Social media was just beginning around the 2011 revival, so sicking Beavis and Butt-Head on a world of Twitter and Tik Tok could be genius. These anti-social kids will probably be out of their depth interacting with trolls on social media, or they could be the most magnificent trolls we’ve ever seen.
Mike Judge could bridge the ’90s to today
If Beavis and Butt-Head are still stuck in the ’90s, they will be quite different than the modern teens they could meet today. That just means that the characters who once mocked their contemporaries can now harken back to a time when Beavis and Butt-Head were the worst problem students we could imagine.

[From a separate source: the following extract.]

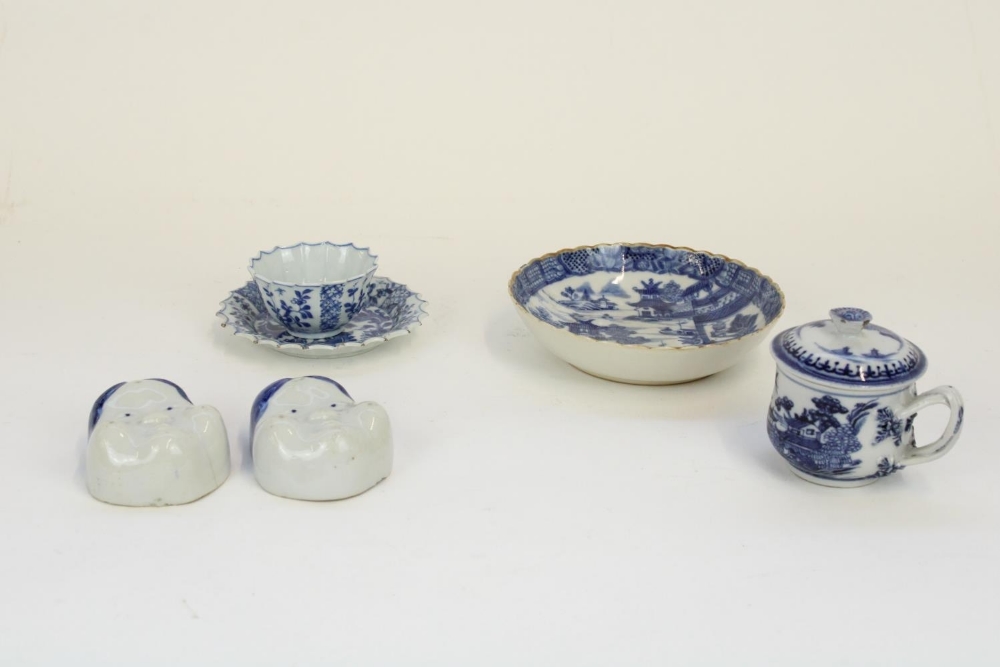 C18th Chinese export porcelain custard cup and cover decorated in underglaze blue Willow pattern,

They will probably have to be careful with their “hey, baby”s but seeing Beavis and Butt-Head deal with a post #MeToo world has to be the subject of at least one episode. It could be a teachable moment for the real world Beavis and Butt-Heads who are far more aggressive and harmful than those ogling teens.
The greatest hope for new Beavis and Butt-Head would be a new Christmas episode. In Christmas 1995, Santa Butt-Head answered real letters from viewers. They can even reuse the same animation and just dub new answers to new letters!